(Source records)
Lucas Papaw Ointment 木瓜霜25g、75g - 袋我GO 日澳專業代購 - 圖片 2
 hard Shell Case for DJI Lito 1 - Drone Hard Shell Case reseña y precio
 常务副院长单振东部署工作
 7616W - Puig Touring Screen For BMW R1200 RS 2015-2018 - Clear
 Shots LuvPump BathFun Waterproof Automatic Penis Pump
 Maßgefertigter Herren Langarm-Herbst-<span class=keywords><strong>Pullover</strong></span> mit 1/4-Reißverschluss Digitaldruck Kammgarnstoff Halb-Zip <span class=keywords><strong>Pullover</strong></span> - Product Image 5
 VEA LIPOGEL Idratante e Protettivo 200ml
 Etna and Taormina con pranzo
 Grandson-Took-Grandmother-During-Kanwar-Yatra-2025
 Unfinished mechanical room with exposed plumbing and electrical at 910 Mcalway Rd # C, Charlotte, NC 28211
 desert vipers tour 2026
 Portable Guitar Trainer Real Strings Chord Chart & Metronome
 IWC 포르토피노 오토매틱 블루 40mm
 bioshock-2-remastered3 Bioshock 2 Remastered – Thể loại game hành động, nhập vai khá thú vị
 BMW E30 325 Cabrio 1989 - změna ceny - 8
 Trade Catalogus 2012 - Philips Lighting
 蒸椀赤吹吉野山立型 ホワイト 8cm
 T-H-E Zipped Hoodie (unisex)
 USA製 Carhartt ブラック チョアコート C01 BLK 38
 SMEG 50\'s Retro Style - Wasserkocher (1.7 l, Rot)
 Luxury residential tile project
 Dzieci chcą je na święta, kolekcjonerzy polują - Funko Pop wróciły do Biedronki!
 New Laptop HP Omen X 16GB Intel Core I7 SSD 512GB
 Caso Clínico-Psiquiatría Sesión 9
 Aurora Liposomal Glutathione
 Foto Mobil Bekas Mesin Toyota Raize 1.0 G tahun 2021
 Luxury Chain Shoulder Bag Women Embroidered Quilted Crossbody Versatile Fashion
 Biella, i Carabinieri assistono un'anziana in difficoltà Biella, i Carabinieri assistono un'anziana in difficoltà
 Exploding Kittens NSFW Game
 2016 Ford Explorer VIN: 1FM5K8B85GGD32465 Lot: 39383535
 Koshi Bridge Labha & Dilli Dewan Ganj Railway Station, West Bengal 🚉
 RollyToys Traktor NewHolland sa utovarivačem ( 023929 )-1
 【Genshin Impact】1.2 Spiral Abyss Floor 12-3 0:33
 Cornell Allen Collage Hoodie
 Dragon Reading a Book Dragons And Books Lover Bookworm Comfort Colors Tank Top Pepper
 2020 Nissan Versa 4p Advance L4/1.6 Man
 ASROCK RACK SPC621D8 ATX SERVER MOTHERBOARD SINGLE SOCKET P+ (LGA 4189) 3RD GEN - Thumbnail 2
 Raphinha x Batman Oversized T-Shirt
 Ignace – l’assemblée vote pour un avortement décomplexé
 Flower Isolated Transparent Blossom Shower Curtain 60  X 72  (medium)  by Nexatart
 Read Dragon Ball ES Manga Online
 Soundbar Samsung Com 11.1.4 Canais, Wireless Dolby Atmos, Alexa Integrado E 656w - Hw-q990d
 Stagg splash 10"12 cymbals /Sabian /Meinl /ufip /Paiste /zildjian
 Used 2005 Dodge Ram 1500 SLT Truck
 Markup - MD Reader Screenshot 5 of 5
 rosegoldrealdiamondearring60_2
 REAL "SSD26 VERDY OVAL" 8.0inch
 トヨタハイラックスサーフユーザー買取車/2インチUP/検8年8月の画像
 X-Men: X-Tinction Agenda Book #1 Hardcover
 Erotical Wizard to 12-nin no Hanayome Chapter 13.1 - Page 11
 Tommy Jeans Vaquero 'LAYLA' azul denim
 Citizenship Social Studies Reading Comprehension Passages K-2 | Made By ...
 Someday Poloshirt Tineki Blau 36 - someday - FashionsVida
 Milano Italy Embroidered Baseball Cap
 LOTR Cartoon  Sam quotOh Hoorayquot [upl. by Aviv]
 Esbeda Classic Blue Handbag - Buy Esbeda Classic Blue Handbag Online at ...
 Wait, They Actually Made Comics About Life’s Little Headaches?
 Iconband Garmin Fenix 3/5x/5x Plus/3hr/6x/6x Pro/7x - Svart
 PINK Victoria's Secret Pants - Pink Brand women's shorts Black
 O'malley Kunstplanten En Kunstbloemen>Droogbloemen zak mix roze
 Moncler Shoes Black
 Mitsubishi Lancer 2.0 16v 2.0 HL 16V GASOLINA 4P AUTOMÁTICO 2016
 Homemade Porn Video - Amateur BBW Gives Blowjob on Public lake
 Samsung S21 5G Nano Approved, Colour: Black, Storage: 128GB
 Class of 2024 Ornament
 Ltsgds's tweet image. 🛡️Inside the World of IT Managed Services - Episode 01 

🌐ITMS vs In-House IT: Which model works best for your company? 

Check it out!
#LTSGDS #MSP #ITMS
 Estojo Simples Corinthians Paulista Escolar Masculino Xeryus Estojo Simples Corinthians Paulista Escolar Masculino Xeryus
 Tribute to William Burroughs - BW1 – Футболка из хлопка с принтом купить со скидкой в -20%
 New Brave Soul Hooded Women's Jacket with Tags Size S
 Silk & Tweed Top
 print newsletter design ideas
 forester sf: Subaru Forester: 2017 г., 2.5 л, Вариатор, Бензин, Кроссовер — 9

(Assignment) Copy out the lines above exactly, beginning at the one that contains "Koshi Bridge Labha" and ending at the one that contains "rosegoldrealdiamondearring60_2".

(Expected answer)
 Koshi Bridge Labha & Dilli Dewan Ganj Railway Station, West Bengal 🚉
 RollyToys Traktor NewHolland sa utovarivačem ( 023929 )-1
 【Genshin Impact】1.2 Spiral Abyss Floor 12-3 0:33
 Cornell Allen Collage Hoodie
 Dragon Reading a Book Dragons And Books Lover Bookworm Comfort Colors Tank Top Pepper
 2020 Nissan Versa 4p Advance L4/1.6 Man
 ASROCK RACK SPC621D8 ATX SERVER MOTHERBOARD SINGLE SOCKET P+ (LGA 4189) 3RD GEN - Thumbnail 2
 Raphinha x Batman Oversized T-Shirt
 Ignace – l’assemblée vote pour un avortement décomplexé
 Flower Isolated Transparent Blossom Shower Curtain 60  X 72  (medium)  by Nexatart
 Read Dragon Ball ES Manga Online
 Soundbar Samsung Com 11.1.4 Canais, Wireless Dolby Atmos, Alexa Integrado E 656w - Hw-q990d
 Stagg splash 10"12 cymbals /Sabian /Meinl /ufip /Paiste /zildjian
 Used 2005 Dodge Ram 1500 SLT Truck
 Markup - MD Reader Screenshot 5 of 5
 rosegoldrealdiamondearring60_2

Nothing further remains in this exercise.